In this new competitive landscape, more Life Science startups will likely find their ideal exit through buy-and-build strategies, where larger companies acquire them to strengthen their capabilities and integrate data/algorithms. A notable example is Recursion Pharmaceuticals, which acquired Cyclica and Valence Discovery to expand its computational pipeline, or Valo Health, which integrated TARA Biosystems to enhance its cardiovascular research.

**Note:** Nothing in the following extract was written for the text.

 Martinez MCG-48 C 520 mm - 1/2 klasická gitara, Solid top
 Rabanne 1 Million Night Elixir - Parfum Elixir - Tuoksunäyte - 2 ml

This approach allows companies to consolidate expertise and data, accelerating drug development and creating more competitive players in the industry.

Conclusions

As IAG, we are witnessing the growing development and consolidation of these businesses, both at the European and international levels. One of our portfolio companies, Rubedo Life Science, is a prime example of this trend.

Thanks to its proprietary AI-driven drug discovery platform, ALEMBIC™, which combines sophisticated computational algorithms with chemistry, the startup can generate numerous drug candidates. These candidates will be studied in preclinical stages to strengthen their pipeline and establish new partnerships. Confirming this strategy, the Italy-California-based startup announced a partnership with Beiersdorf in 2024 for the identification and development of molecules in the dermatology field. As we previously analyzed, the team is internally conducting Phase I clinical trials to assess the efficacy and safety of treatments for dermatological conditions.

At the same time, potential drugs for respiratory, metabolic, and neurological indications are being developed to diversify and attract new co-development agreements. Rubedo, like many of the examples we have discussed, is just one of many companies shaping this new landscape—it won’t be the first, and it certainly won’t be the last.